Photo: Anthony “Boots” Martinez, former Port Loyola area rep

by Kristen Ku

BELIZE CITY, Thurs. Apr. 18, 2024

A deadline has been set, and Anthony “Boots” Martinez, former area representative for the Port Loyola constituency, is preparing to take legal action based on the response of the Elections and Boundaries Department, or lack thereof, to his efforts to trigger a recall process for the current area representative, Gilroy Usher, Sr.—a process he’s been involved in since July 2023.

After submitting a petition containing 1,654 signatures of constituency residents who are purportedly in support of the recall process to the Governor General earlier this year, on March 21, Martinez was informed that his petition had failed due to some signatures not matching those on record, as well as other individuals not being registered voters.

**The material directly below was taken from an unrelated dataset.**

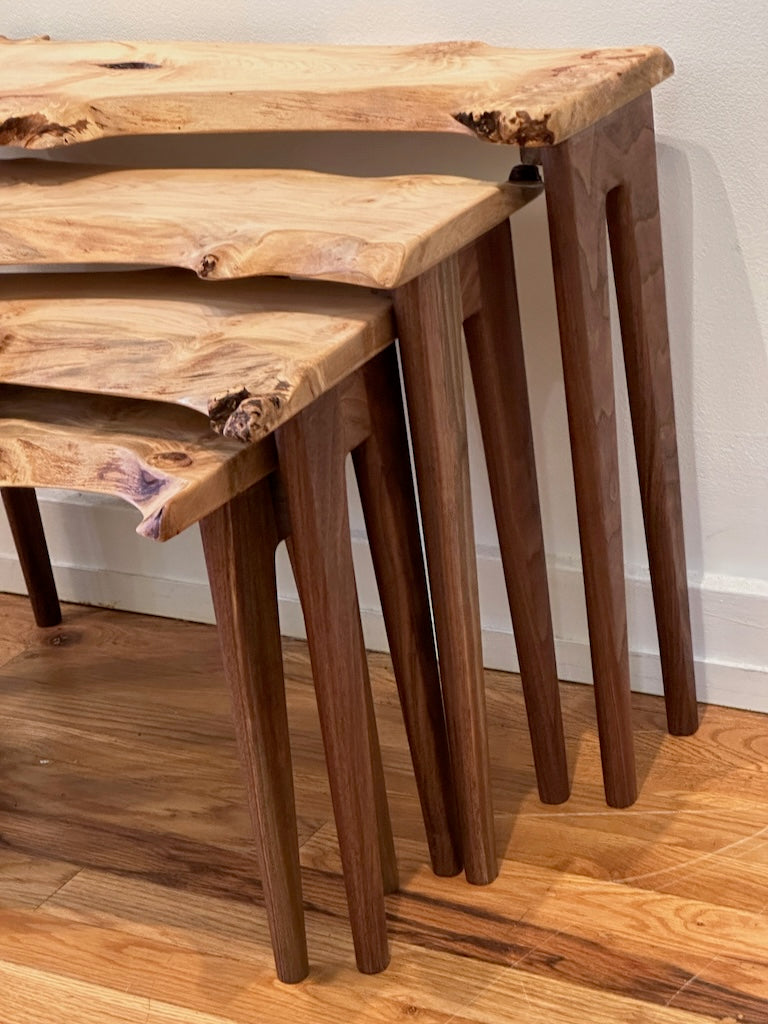 MAPLE BURL NESTING TABLES - SET OF 4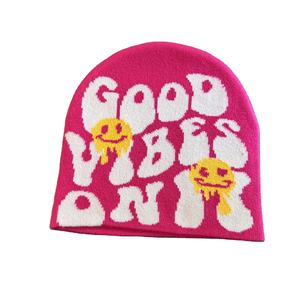 Gorro de Lana de Punto Estilo Y2K Personalizado al por Mayor, con Estampados Fantasmales Europeos, para Adultos, Otoño Invierno, Gorro Jacquard - Product Image 1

Approximately 265 of the signatures were rejected, which meant that the requirement that the petition be signed by at least 30% of voters in the constituency to enable the recall to take place had not been met (since only 1389 signatures were accepted as valid). Reportedly, 188 of those rejected signatures did not match the Elections and Boundaries’ record of registered electors.

“I was very offended, because in my humble opinion, Elections and Boundaries and the Chief Elections Officer, Ms. Tamai, in my view made a gross error by not verifying the signatures … The Elections and Boundaries Department has the resources, human and otherwise, to verify simple things,” Martinez commented in his press conference on Wednesday.

However, it was clearly not over for him, who over the past 2 weeks has re-visited 118 of the 188 rejected petitioners, along with a Justice of the Peace, to get those voters to sign a new declaration form, confirming that they were actually registered voters of Port Loyola.

“I revisited, along with the Justice of the Peace, various of them to present my copy of the petition, attached to the affidavit, affirming, ‘Do you recognize this signature? Yes sir.’ ‘Did you sign? Yes sir.’ ‘I would like you to read the declaration and sign that you did sign the petition,’ and that is what happened,” Martinez explained.

Martinez has sought legal counsel from attorneys Richard “Dickie” Bradley and Senior Counsel Dean Barrow, and on Monday, April 15, under the guidance of Bradley, he sent out a letter to the Chief Elections Officer, Josephine Tamai, in which he outlines what he says should have been done.

“Mr. Martinez submits that the Elections and Boundaries department should have done an exercise similar to the one undertaken by him over the past two weeks. By only comparing signatures, this has resulted in denying the disapproved petitioners as well as the over One Thousand Four Hundred and Eighty-Five voters of their democratic right to trigger a recall process,” the letter stated.

Enclosed with the letter were also the 118 signed declarations, which included both the names and addresses of the petitioners. These packages were also delivered to the Office of the Governor General and the Office of the Attorney General.

Martinez has given the Chief Elections Officer a week to respond. He has said that if she fails to do so, he will take the matter to the High Court.